### Problem description
No pictures belong in the copy. Reproduce exactly the lines beginning at the line containing "Patent drawing: Samsung" and continuing to the end of the entries below.
Material for this exercise section start
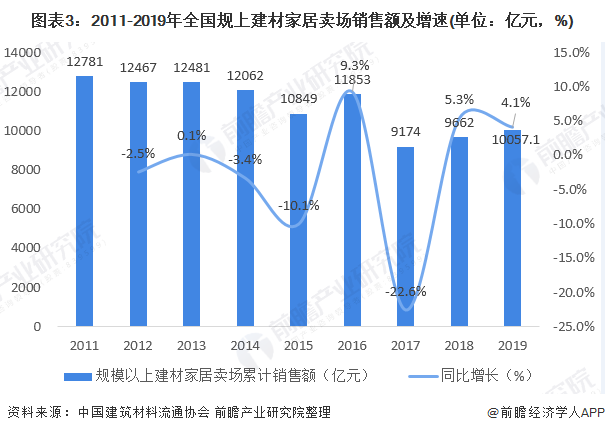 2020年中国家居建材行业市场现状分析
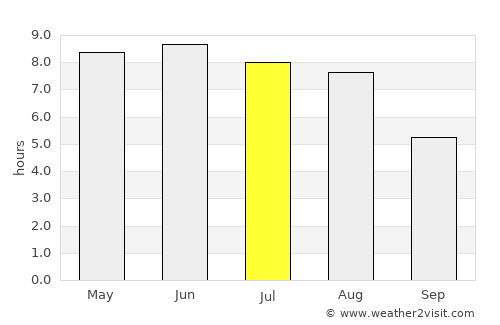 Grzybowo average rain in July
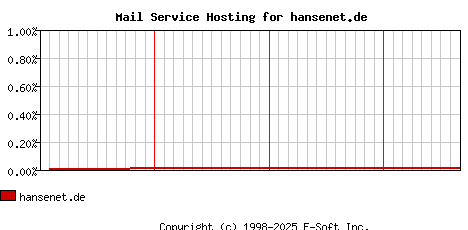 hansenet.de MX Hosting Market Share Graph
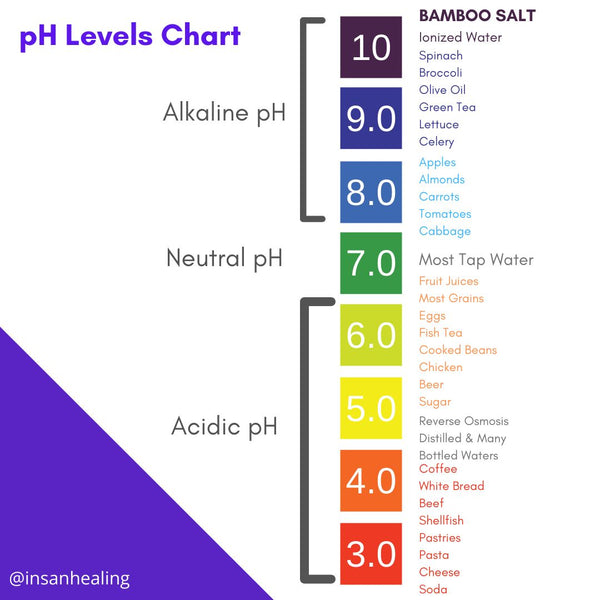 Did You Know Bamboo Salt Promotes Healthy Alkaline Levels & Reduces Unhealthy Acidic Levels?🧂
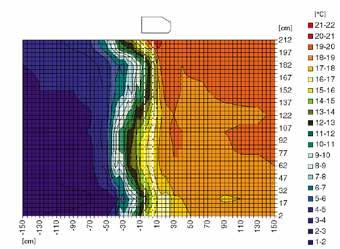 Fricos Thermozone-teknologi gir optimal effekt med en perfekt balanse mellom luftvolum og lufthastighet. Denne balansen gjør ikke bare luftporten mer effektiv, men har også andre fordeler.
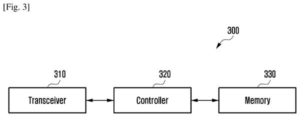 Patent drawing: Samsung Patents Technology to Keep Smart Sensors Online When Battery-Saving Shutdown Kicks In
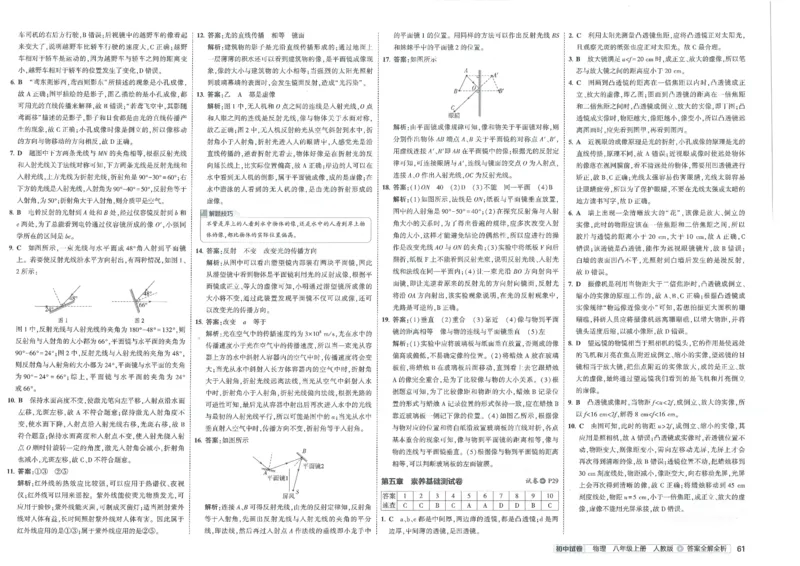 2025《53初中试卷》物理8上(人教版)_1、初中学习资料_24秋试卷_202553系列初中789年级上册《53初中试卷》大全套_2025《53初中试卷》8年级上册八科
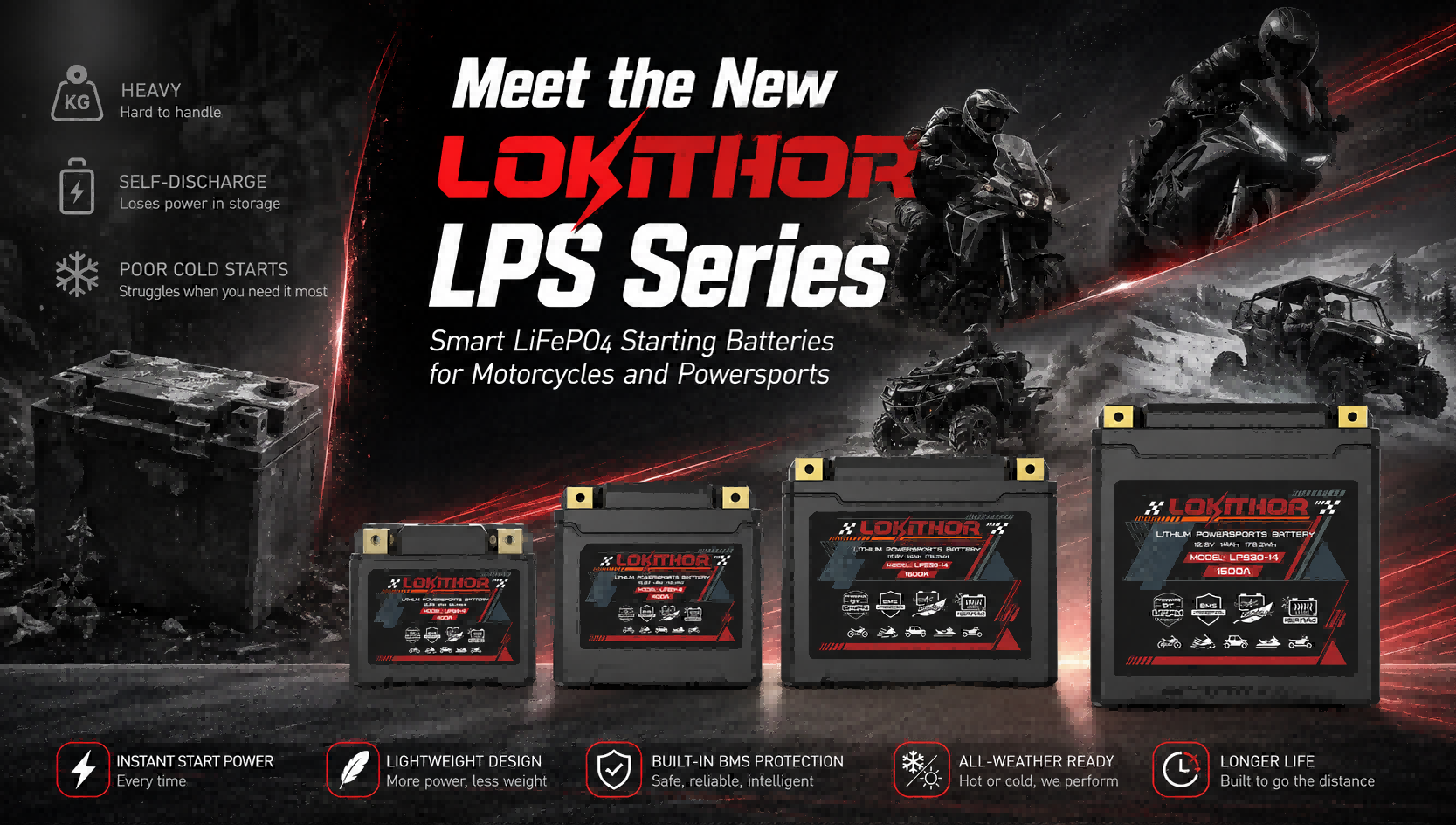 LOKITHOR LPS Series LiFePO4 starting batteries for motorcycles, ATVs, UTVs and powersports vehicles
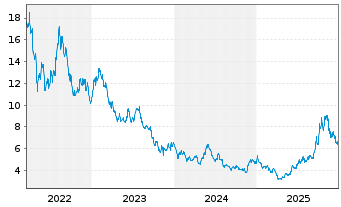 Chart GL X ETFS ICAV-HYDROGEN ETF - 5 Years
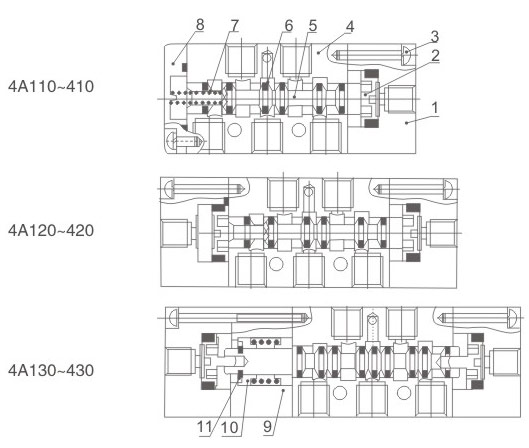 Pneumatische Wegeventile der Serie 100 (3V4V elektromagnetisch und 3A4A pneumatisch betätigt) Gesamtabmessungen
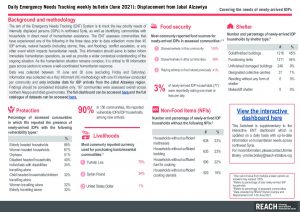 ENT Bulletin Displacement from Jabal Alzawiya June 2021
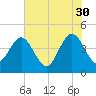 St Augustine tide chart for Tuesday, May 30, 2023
Material for this exercise section end
### Response to the task
 Patent drawing: Samsung Patents Technology to Keep Smart Sensors Online When Battery-Saving Shutdown Kicks In
 2025《53初中试卷》物理8上(人教版)_1、初中学习资料_24秋试卷_202553系列初中789年级上册《53初中试卷》大全套_2025《53初中试卷》8年级上册八科
 LOKITHOR LPS Series LiFePO4 starting batteries for motorcycles, ATVs, UTVs and powersports vehicles
 Chart GL X ETFS ICAV-HYDROGEN ETF - 5 Years
 Pneumatische Wegeventile der Serie 100 (3V4V elektromagnetisch und 3A4A pneumatisch betätigt) Gesamtabmessungen
 ENT Bulletin Displacement from Jabal Alzawiya June 2021
 St Augustine tide chart for Tuesday, May 30, 2023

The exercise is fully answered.